After his promotion to Art Director, Chong felt he wanted to pursue his artistic aspiration after a lapse of 20 years when his focus was solely on his career.
HIS FIRST NIKON
In 2011, he bought his first camera, a Nikon D7000 for RM3, 500 which was almost his two months’ salary and began to study photography seriously.
“My forte is Black & White photography. I choose to work in dark earth tones which is unlike gothic and its dark side connotation. I began to shoot landscape and human’s placement in their environment extensively and ventured into portraiture.
His quest took him to a district in the Indian state of Bihar for two weeks on a pilgrimage trip to Bodh Gaya with friends.
“India is unlike other countries when I arrived in India, I felt I landed smack in the center of her culture, my every sense was assailed by the sights, sounds, and color.
There wasn’t a chance for a slow immersion to the culture at all.”
My first impression was chaos ~ Chong Kok Choon
I felt I was in a tight space, so cramped, noisy and dark; there are so many people everywhere.
I was stunned.
In Kolkata, there was no space for personal space.
I grew acclimatized after a few days and started to shoot. Even dressed like the locals to blend in.
I would walk, stop, sit and wait. Drinking in the environment, being with the people. Although I couldn’t converse with them, I felt I was drawn into their world. I could connect when I look into their eyes.
As a photographer I take a piece of a memory from them, it is always ‘that’ moment that captures the essence of the people who lived very hard lives with little hope,” said Chong.
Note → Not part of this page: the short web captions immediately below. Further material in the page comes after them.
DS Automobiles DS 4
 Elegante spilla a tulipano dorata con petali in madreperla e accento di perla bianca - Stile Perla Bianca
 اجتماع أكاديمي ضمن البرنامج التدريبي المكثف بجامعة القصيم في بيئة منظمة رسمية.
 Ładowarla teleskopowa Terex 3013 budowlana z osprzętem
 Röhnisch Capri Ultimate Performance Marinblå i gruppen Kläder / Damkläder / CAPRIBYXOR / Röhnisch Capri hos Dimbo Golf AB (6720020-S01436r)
Life starts by the river. Chong’s rendition of the mighty Ganges also called the Ganga River is the second largest river on the Indian subcontinent. His travels continued on the distributary of the Ganga River, the Hooghly River, and Buriganga River one of the most polluted rivers in Bangladesh.
Riveting, stark and dark, the images come cuts across all boundaries and is evocation and emotional.
FROZEN IN TIME
His photographs are moments in time. Somehow he is able to connect through his camera’s lens. Their eyes not only stared back.
I felt the weight of their stares through the photographs.
As I ventured from each photo, I began to see India and Bangladesh through Chong’s eyes. He picked up details of how industrialization has affected the lives of the locals.
There was a picture of workers chiseling rust off a ship. The din was frightful and the workers are hard of hearing.
Looking at that picture, on the left was a young man who was chiseling away, balancing on a rope high above everyone else.
Closer to the ground were men in their twenties and thirties. The smell of rust filled the air at the shipyard. One of the workers wore a handkerchief mask to protect his mouth and nose.
At the foreground an old man was sitting on a stool, chiseling away.
“He’s probably deaf from years of working, the noise no longer bothered him,” Chong said.
I look and interpreted the scene as a progression in life. The old man probably only knew this work.
He probably started young and was able to earn more money when he could work at the high level. Now that he is old, he works almost at the ground level; still eking out a living for survival.
That’s the life of the people living by the river.
Chong records the lives of the people there whose livelihood revolves around the port and shipyards.
LIFE BY THE SACRED RIVER
His art is emo. You will linger and stare hard at certain pieces, some you glance away quickly.
Strangely, there are only two pictures of the river.
I asked Chong out of curiosity “Weren’t there any burial ceremonies at the Ganges?”
Chong said there were but he didn’t photograph these out of deep respect.
Instead, he photographed the people of the city at work and at leisure, pictures of kids, tuk-tuk, and ships.
Stark and powerful.
A general worker, Ala Min from Bangladesh who was helping Chong set up the exhibition was touched when he viewed the photographs.
“I feel homesick when I see the photos of my hometown and miss my family very much,” he said.
Hin Bus Depot is opened from noon until 8.00pm on weekdays and 10 am to 11 pm on weekends.